Charlie: So, what are your thoughts on—why would somebody—now, let’s just turn the tables for a minute. Why would I, as a developer, what would incent me to share code with the community and slap a GPL license on it?
Walden: The GPL essentially makes it so that if you write something as a developer, I can not come along, swipe it, turn it into a commercial product, become a billionaire and retire to Bora Bora on the hard work that you did writing that piece of software. And I think that's part of what the GPL tries to preserve, is the freedom of software, and the free distribution of software without commercial restrictions as opposed to what I can get away, if you will, in some of the more permissive licenses.
Charlie: All right. So, we've spent a lot of time, even in this short podcast, we've spent quite a bit of time on GPL, not that it was not worthy of it because I think it is, but it's not to dismiss the other ones that I think, as we said, are more prevalent. Let's talk about it though because if it's permissive, then it's permissive and it sounds like there have—because there are several different types of licenses under the permissive umbrella, there must be nuances to each one. So, do I need to worry about it, necessarily worry about, if it is MIT, BSD, Apache. Do I care? How does that all apply to me as a consumer of the-of the software?

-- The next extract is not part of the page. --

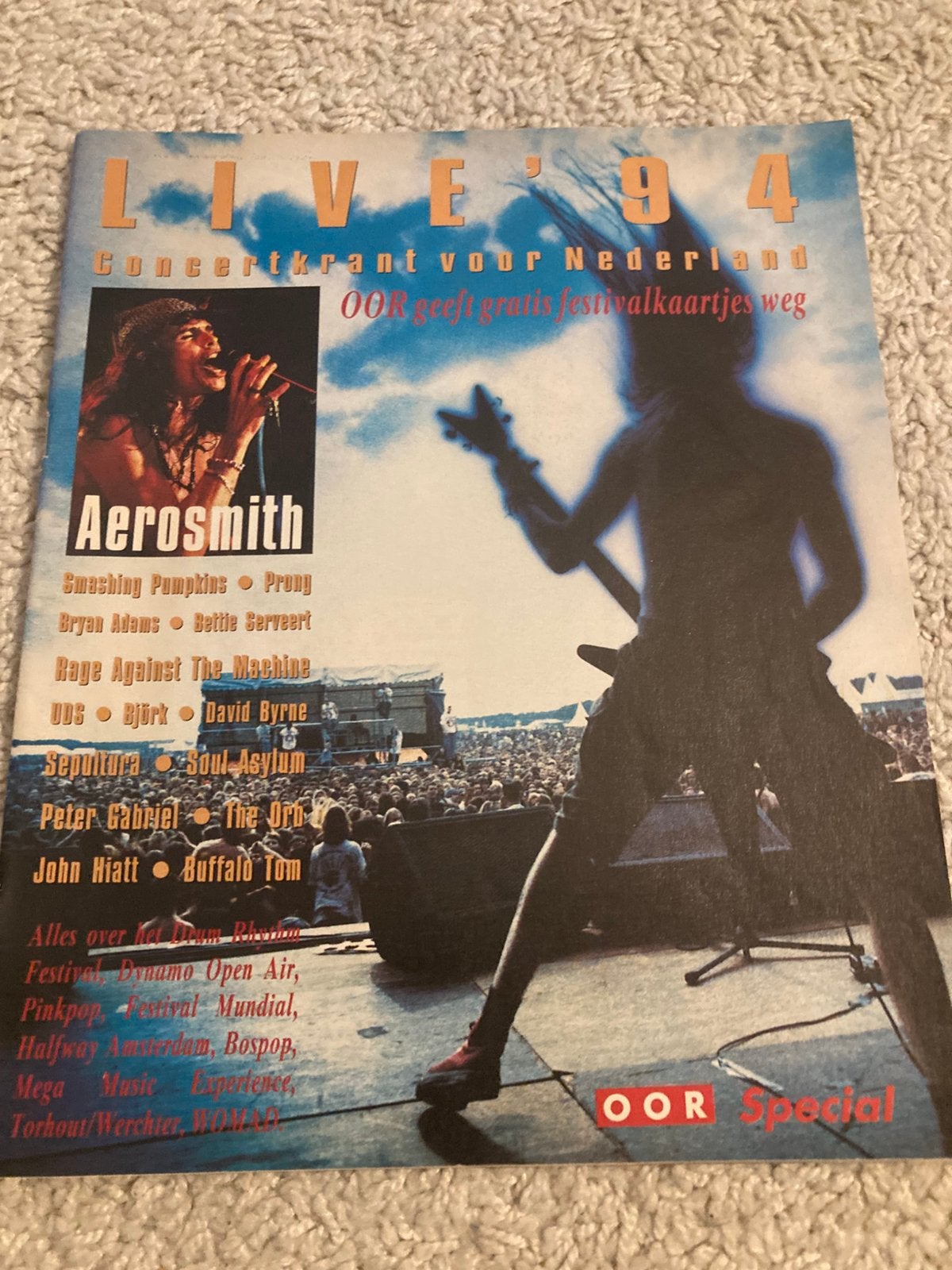 Live 1994 krant AEROSMITH Bryan Adams PRONG Peter Gabriel, Ophalen of Verzenden, Muziek, Film of Tv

Walden: I think what you care about as the consumer of the software, and when we talk consumer here, we're talking a developer trying to use that in another product. What you care about is, what is the license that is applied to the piece of software that you're trying to use and is that license acceptable to your organization? At the end of the day, yes, you're correct. MIT, BSD, SMPL, Apache, they're roughly say the same thing. They're relatively permissive. You’re probably OK with any of them but if I'm going to go and use software X, what matters is the license on software x so this is partially a cautionary tale of just looking at licenses and actually saying to yourself I'm about to use a piece of software licensed to according to these terms whenever they may be. Are those terms acceptable to my enterprise and am I in a position to make the determination if those terms are acceptable to my enterprise or do I need to run this up to my manager or senior management or corporate counselor or whoever is in a permission-in a position to make that determination?
Charlie: What I learned in my research is a lot of the permissiveness is more just about attribution, giving credit back to the person created the actual project itself. What I found more interesting was on my phone on any of the more popular apps, I found if you dig you can find this. I found it in the about sections, or the terms or notices section. I was surprised, or maybe I shouldn't be surprised, but I was to find dozens in one app, dozens and dozens of references to all different open-source projects that this app uses, which only speaks to how pervasive this really is.
Walden: Absolutely. We said at the beginning that my company delivers software as a service solutions and in our software, we use commercial and open-source licensed software, and we have an about page. Again, if you know where to look in the application, but we have an about page that lists those attributions and says, hey we used the software. It's licensed under this license. Here's a link to the creator. so that is part of that agreement, that license terms that you're agreeing to is to provide that feedback, and that attribution. It does not have to be a gigantic logo on your front page saying hey this is built on this open-source piece of software, but somewhere in their part of the deal, if you will, for being able to use this open-source software is that you have to at least give credit where credit is due and say, I built this partially using this great piece of software over here.
Charlie: So, I think there is a big take away here, and the takeaway that I see, is you would be well advised to consider using open-source in your applications, but you need to be smart about it. And what I mean when I say smart, you can't just do it without at least looking at the licensing of it, and giving—looking at then how it was intended to be used in your shop for sure.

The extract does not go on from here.